How do the people at CVS not know your living in their bathroom?
He's trying to row the canoe up my front yard like he is Lewis and Clark.
She was either really drunk or really not interested. Everytime I tried to ask her about herself she would respond with a line from Stepbrothers.
He did the "not my house dance." Apparently it involves spreading cereal on the floor and then grinding into the carpet in bare feet while singing "not my house" over and over and dancing.
Oh shut up man. Once the police get involved its every man for themself.
Just heard the words 'Pussy Riot' on NPR...I almost crashed my car.
He kept walking up to every girl at the party saying "Hi, I'm George Clooney. No I won't marry you." He left with three girls.
oh and apparently my boobs are named "have no fear" and "plenty o'beer"
I think the biggest problem with being overhigh is when the kitchen was on fire and I was pointing and laughing and eating rootbeer oreos like it was fucking Ozzfest 2000
Woohoo!

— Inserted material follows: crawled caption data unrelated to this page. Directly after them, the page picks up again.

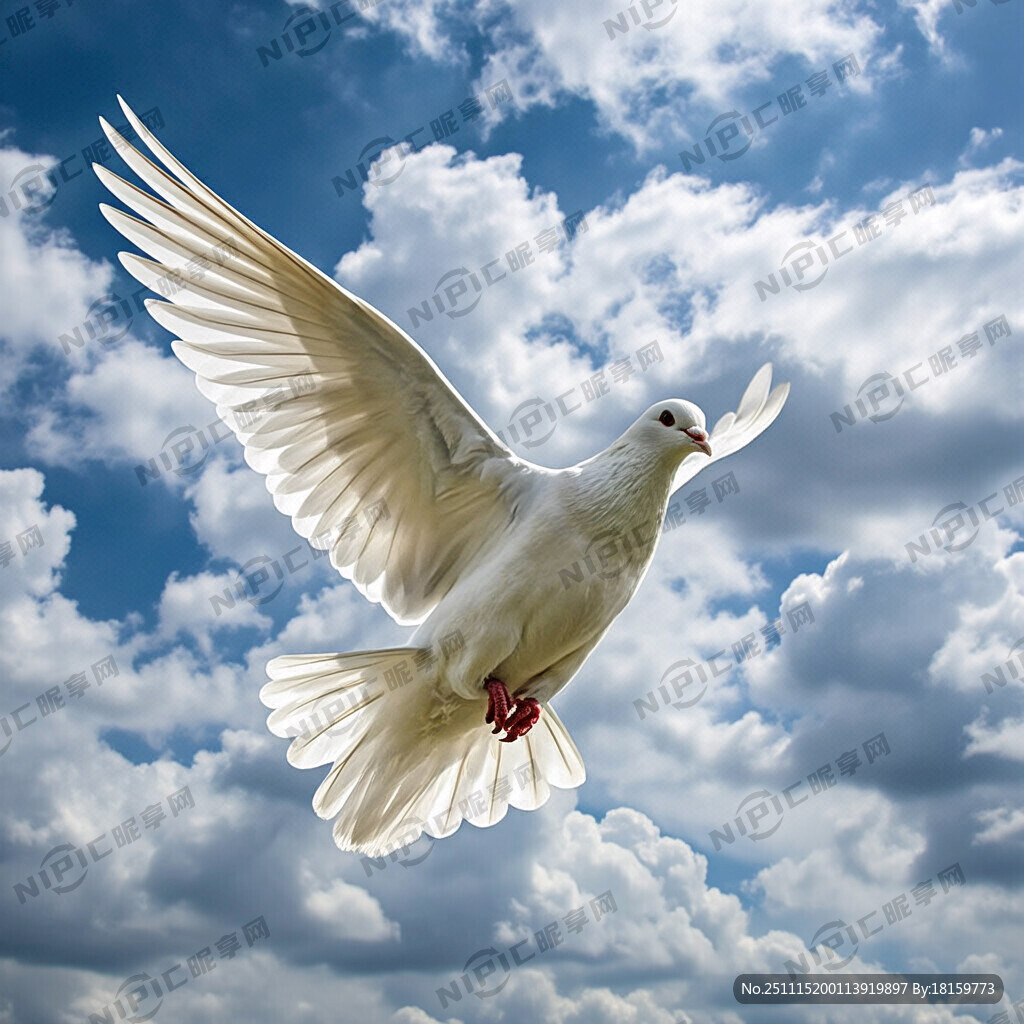 赛鸽 迎面飞来 飞翔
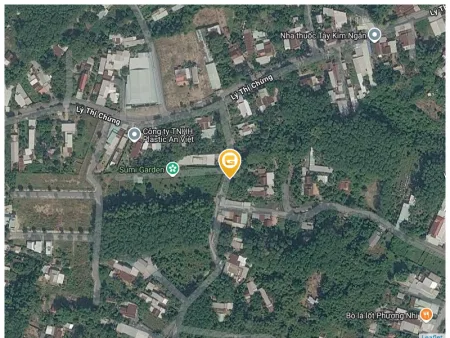 Đất Củ Chi Giá Tốt – Đất đẹp 2 xẹt Tỉnh Lộ 15, Phú Hòa Đông giá 1 tỷ 900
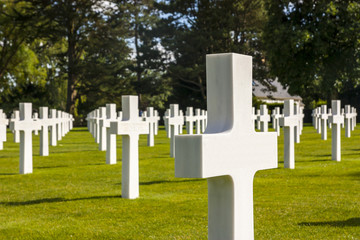 Cimitero di Omaha Beach - Normandia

Instead of a pregnancy test you can buy me a burrito
So... How much of our rent is drug money?
I'm drunk doing an ab workout. I can only hope I make it to bed tonight.
How exactly does a handjob become fancy?
Blueberry lube, and champagne.
How I know that I'm single: when I get a save the date for a wedding & I read "& guest" my first thought was does my bottle of Jack Daniels count.
Remember those neighbors I thought were FBI agents? Turns out they're DEA.